Rumors that al-Qaeda will carry out a “cyber jihad” attack against Western institutions next month should be treated with scepticism, experts say.
Security expert Gadi Evron, who recently studied the cyber attacks in Estonia, and states, “DEBKAfile gets a lot of news that no one else has, and fast,” he said. “But it’s a community-driven tabloid. Treat it as a golden source to be taken with 5 grains of salt,” he said. Even if an attack is planned, it would likely be nothing new, Evron added. “Cyber jihad on the level of attacking websites happens every day for numerous causes by enthusiasts. The content of this warning is doubtful. There are not hundreds of thousands of infosec workers worldwide, not to mention working for al-Qaeda,” he said.
He believes that some low-skilled hackers may be planning something, but that DEBKAfile has probably not uncovered plans of a major online attack.
Larry Seltzer at E-Week says, “Don’t Freak Out”. Unless you’re a specific target, it’s not worth focusing on unsubstantiated general warnings. The world is full of threats.
And Paul Henry, vice president of technology evangelism for Secure Computing has told various news outlets that the attack would probably be carried out with a software kit known as Electronic Jihad 2.0. That software, which has been around for some three years, has purportedly become easily configurable so as to be downloaded by attackers who could then launch a distributed denial of service attack.

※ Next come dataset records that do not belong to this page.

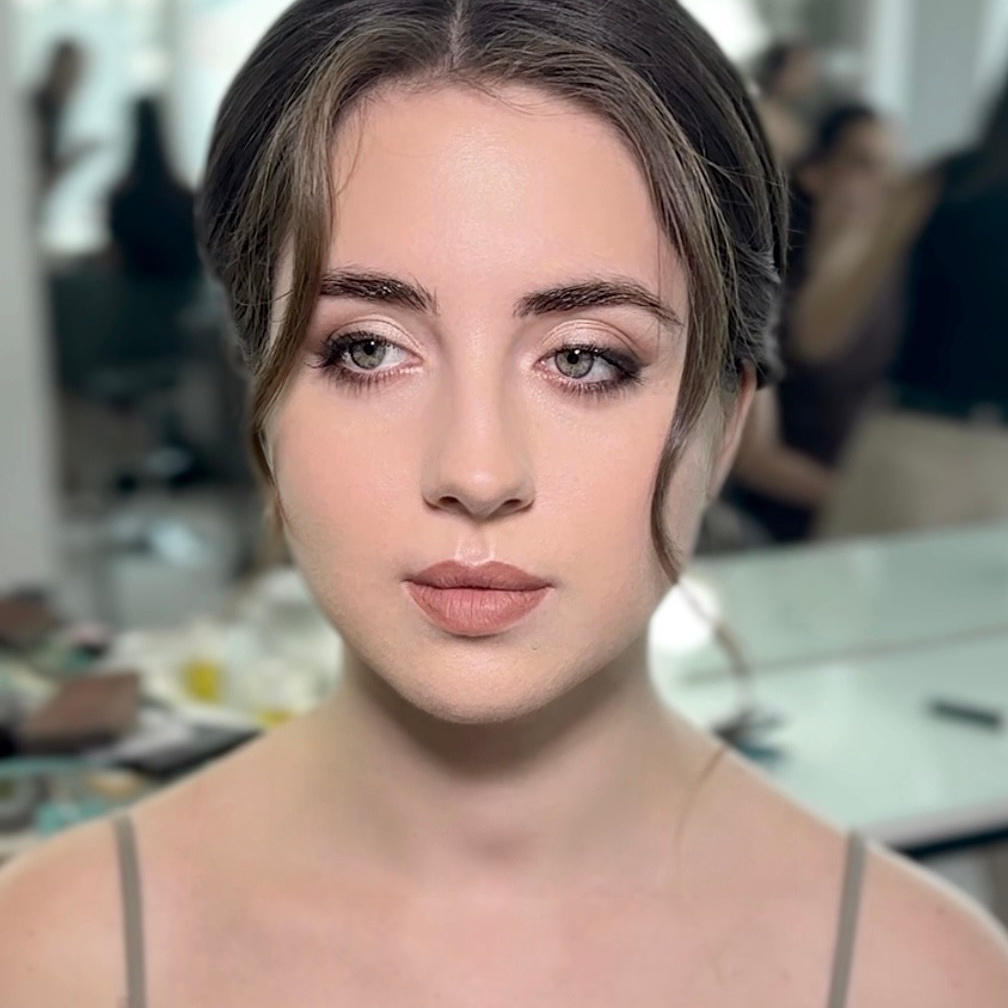 Нежный свадебный макияж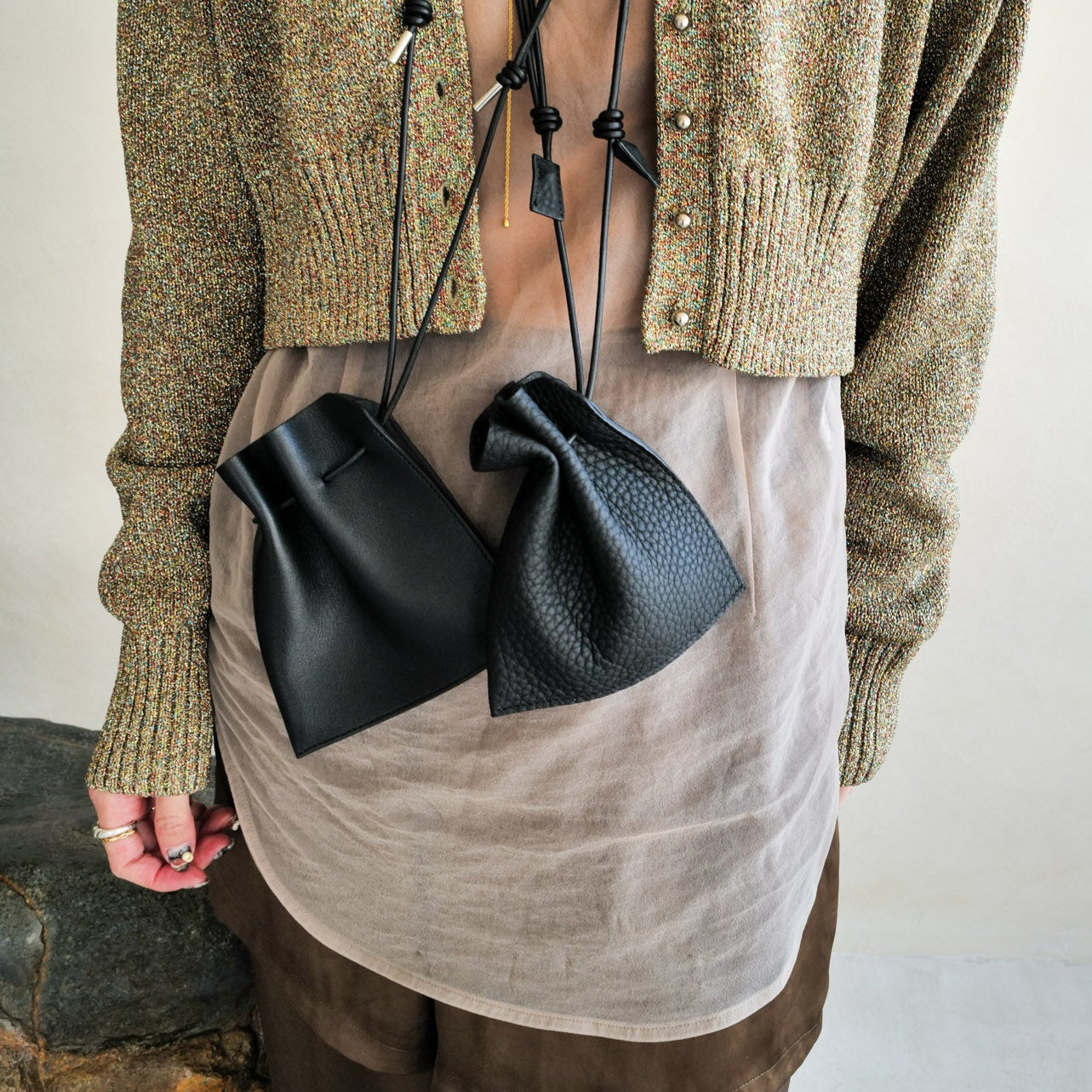 ITTI (イッチ) | HERRIE KINCHAKU POUCH - XXS / DIPLO SKY(ヘリー キンチャクポーチ - ダブルエックスエス / ディプロスカイ) 巾着 レザー ショルダー アクセサリー ファッション メンズ レディース 小物入れ ecco社 ブラック アイボリー black 黒 スタイリング コーディネート ファッション スナップ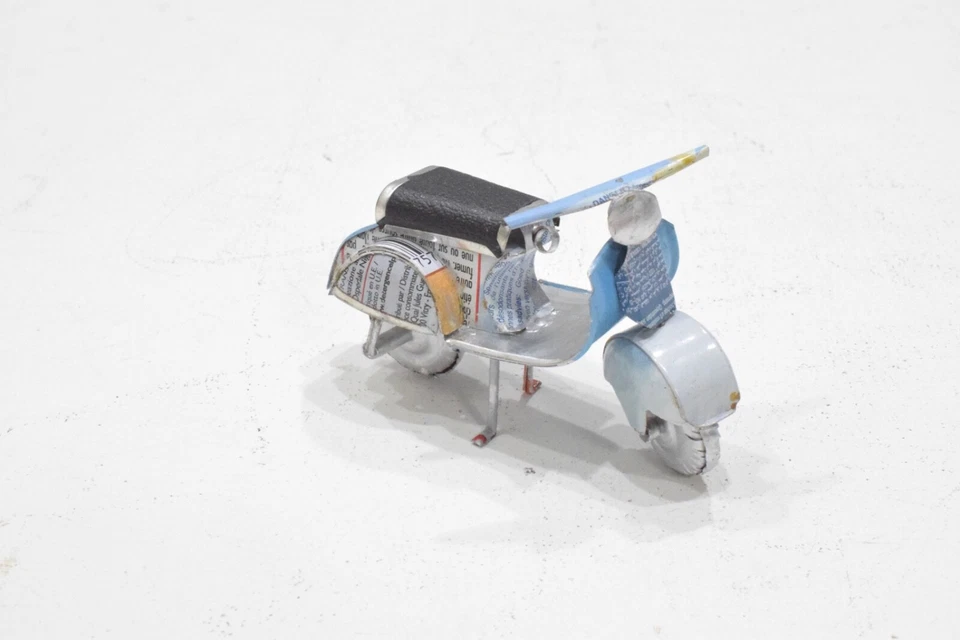 Scooters Vespa de lata de juguete de hojalata de 4" Foto 2 de 2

It all sounds serious, but the report is being treated with skepticism by many law enforcement officials, and with good reason. This is not the first rumor about an electronic Jihad to seize the Internet citizenry’s imagination. Aug. 26, 2004 was also supposed to see the Internet go down in e-flames from a sustained and devastating cyber-attack by Islamic cyber-Jihadists, but the rumors at that time turned out to be utterly baseless.